- Recorded data -

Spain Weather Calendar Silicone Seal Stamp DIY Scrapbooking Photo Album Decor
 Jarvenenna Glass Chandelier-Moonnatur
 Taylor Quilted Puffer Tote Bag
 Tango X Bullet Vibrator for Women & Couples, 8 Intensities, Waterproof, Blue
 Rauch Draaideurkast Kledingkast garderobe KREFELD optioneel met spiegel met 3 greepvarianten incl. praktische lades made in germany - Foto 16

- Task statement -
Restate, word for word and with nothing added, the lines from the beginning of the records above through the line that contains "Tango X Bullet".

- Answer for this exercise -
Spain Weather Calendar Silicone Seal Stamp DIY Scrapbooking Photo Album Decor
 Jarvenenna Glass Chandelier-Moonnatur
 Taylor Quilted Puffer Tote Bag
 Tango X Bullet Vibrator for Women & Couples, 8 Intensities, Waterproof, Blue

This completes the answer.